Effect of OH, NH2 and OCH3 groups on the corrosion inhibition efficacy of three new 2,4,5-trisubstituted imidazole derivatives on mild steel in acidic solutions: Experimental, surface and DFT explorations

Abstract Three new imidazole derivatives namely,4-(4,5-bis(4-methoxyphenyl)-1H-imidazol-2-yl)phenol (IM1), 4-(4,5-bis(4-methoxyphenyl)-1H-imidazol-2-yl)benzenamine (IM2), 2,4,5-tris(4-methoxy phenyl)-1H-imidazole (IM3) were synthesized using microwave irradiation method. The noteworthy highlights of this method are safe reaction profiles, broad substrate scope, short run time, catalyst-free, excellent yields, economical, solvent-free, and simple workup conditions.
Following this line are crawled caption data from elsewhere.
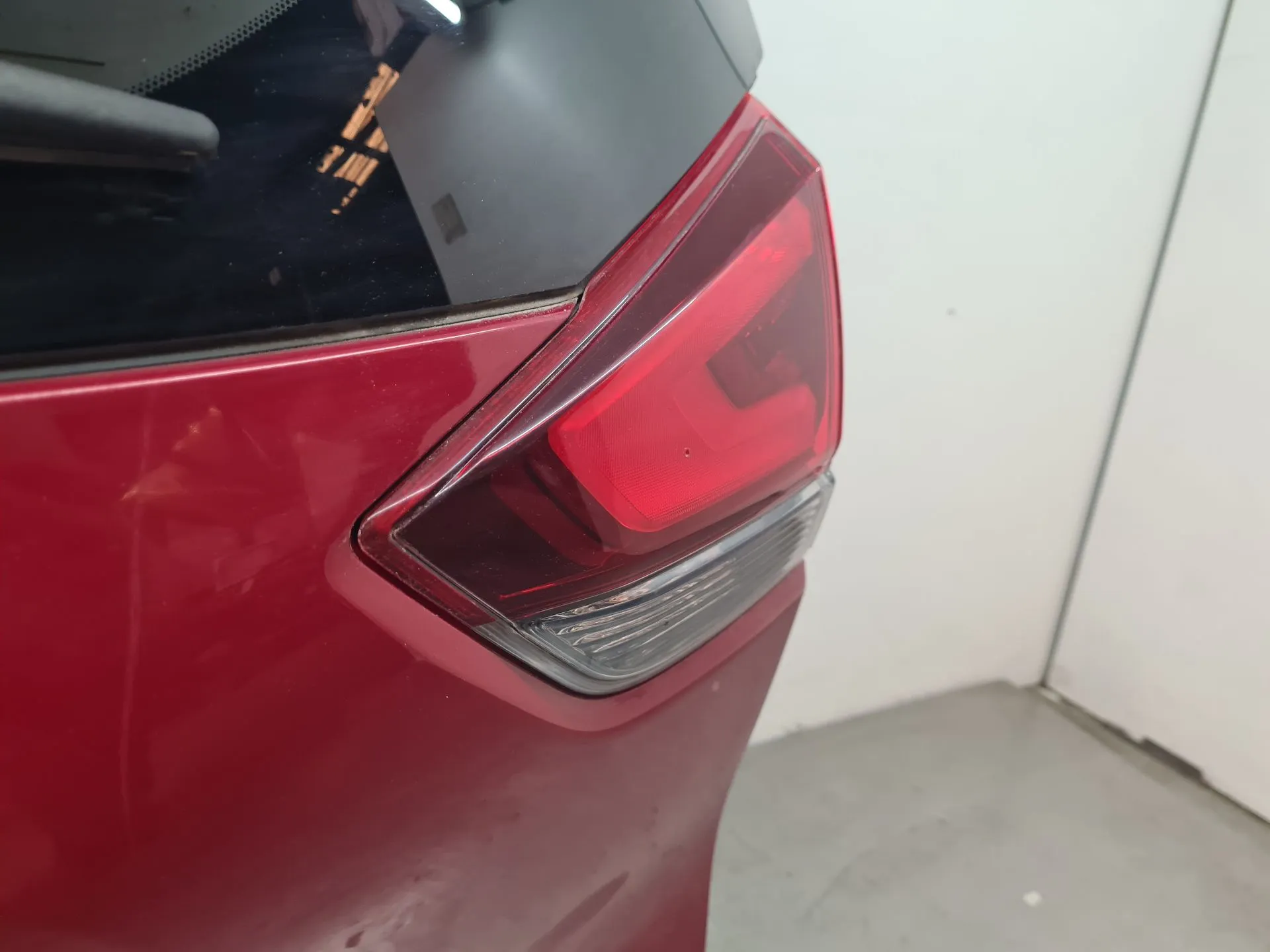 Fanale Destro Baule NISSAN X-Trail (T32) Imagem-1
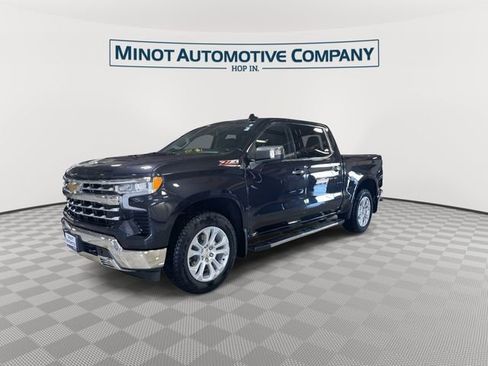 Used 2023 Chevrolet Silverado 1500 LTZ AWD/4WD image 4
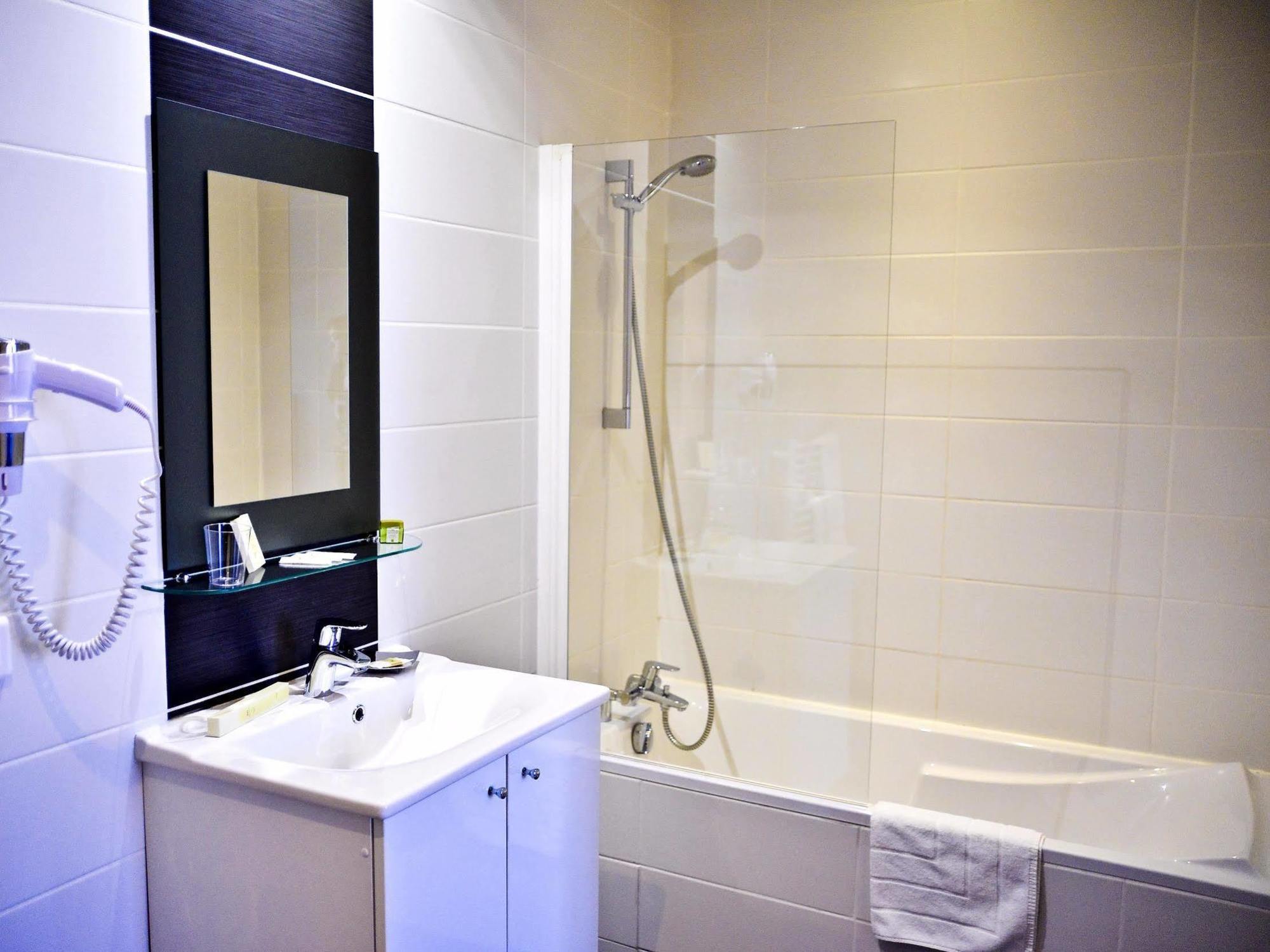 Hotel Le Comty Feurs ภายนอก รูปภาพ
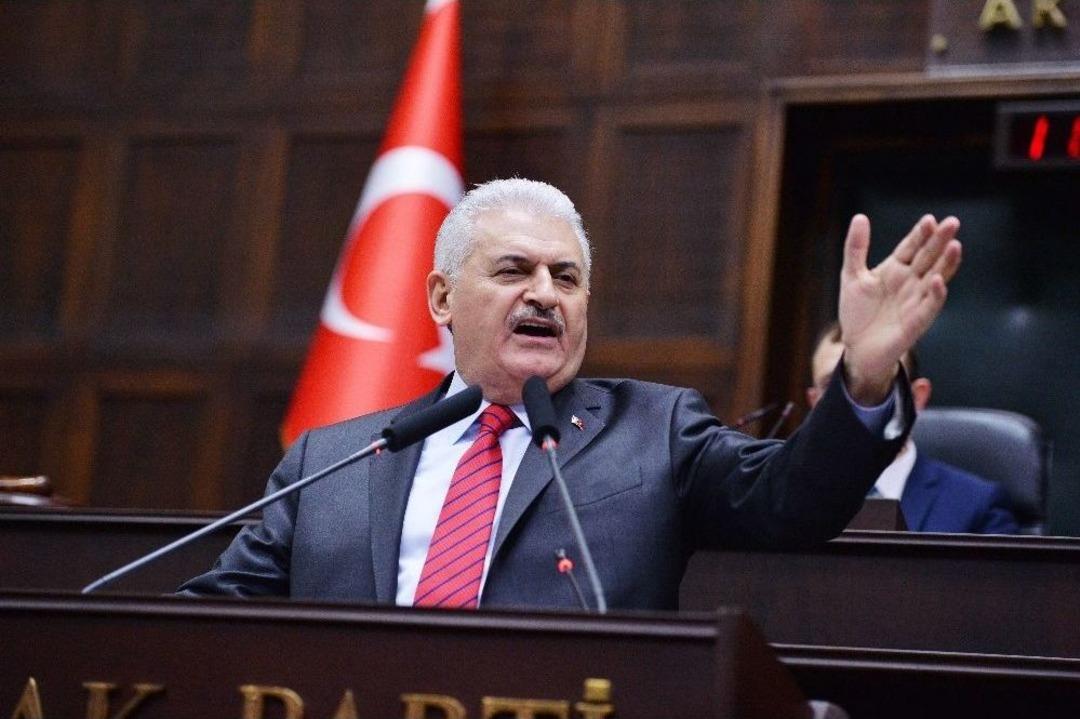 Başbakan Yıldırım: &ldquo;evet&rsquo; Deyince &Uuml;lke B&ouml;l&uuml;necek Olsa, &Ouml;nce Kandil Koşa Koşa Evet Der&rdquo;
The structural characterization of all the imidazole derivatives has been confirmed by 1HNMR and mass spectral techniques. The corrosion inhibition potential of all the imidazoles was explored using weight loss and electrochemical methods. The imidazole derivative (IM1) bearing a hydroxyl group exhibited maximum corrosion inhibition efficiency compared to other imidazoles (up to 96%). Strong adsorption of studied imidazole molecules followed the Langmuir model with very good correlation coefficients. The calculated Gibbs free energy of adsorption values suggested the mixed type of adsorption (physisorption and chemisorption). The polarization measurements indicated studied imidazole derivatives as mixed types of corrosion inhibitors. Further, scanning electron microscopy (SEM), XPS and XRD were performed to study the surface morphology of Mild steel (MS) surface. Quantum chemical calculations (DFT) was used to prove the obtained inhibition efficiencies (η %).